熊谷ラグビー場で行われた第14回関東大学春季交流大会Aグループ 第6節で、東洋大学は昨季の大学選手権覇者・帝京大学を相手に80分を戦った。

試合中の最大点差は58点差。簡単ではないゲームだった。

しかしこの日、点差を離されていた後半に2度、東洋大学はペナルティゴールを選択した。

福永監督は「前半と後半の最初はチャンスがあれば狙ってもいい」と選手たちに伝えていたというが、2つのPG選択はそれぞれ後半19分と32分でのこと。

この判断を問うと、ヴァハフォラウ主将は「リセットしたかった」とその時の気持ちを振り返った。

「そのまま陣地を進め、ラインアウトという選択もありました。

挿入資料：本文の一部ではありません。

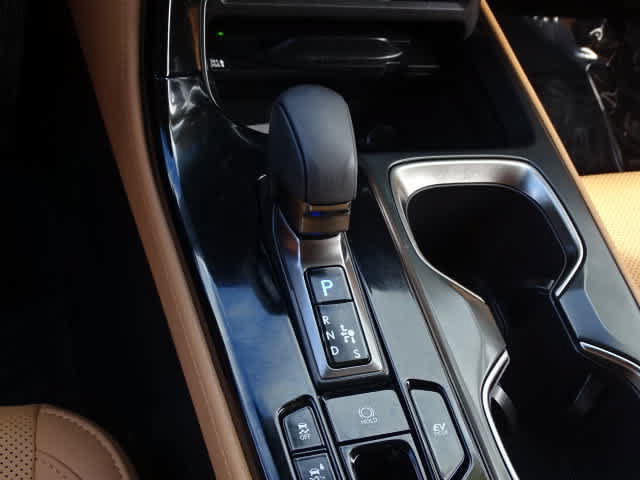 Used 2025 Lexus NX 350h AWD w/ Accessory Package (Z2) image 33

でも、一度リセットしたかった。一回この攻撃に区切りをつけて、もう一回ゼロからアタックを始めたかったんです」

0-47を、3-47に。

3-61を、6-61に。

点差を縮めるためのペナルティゴールではない。

自分たちの気持ちをリセットし、「よし、もう一度」と再び攻撃に向かう姿勢を立て直すためのペナルティゴールだった。

倒れても、呼吸を整え、また前を向く。戦うということは、そういうことだ。

一方で、この日テーマに掲げたディフェンスは、5月に行われた早稲田大学戦・明治大学戦から大きく改善した。

最終的にトライを取られはしたが「あともうひと踏ん張りの我慢比べ」(福永監督)。

帝京の猛攻に対しても、足を止めず、低く入り、横のつながりで食らいついたシーンは印象的だった。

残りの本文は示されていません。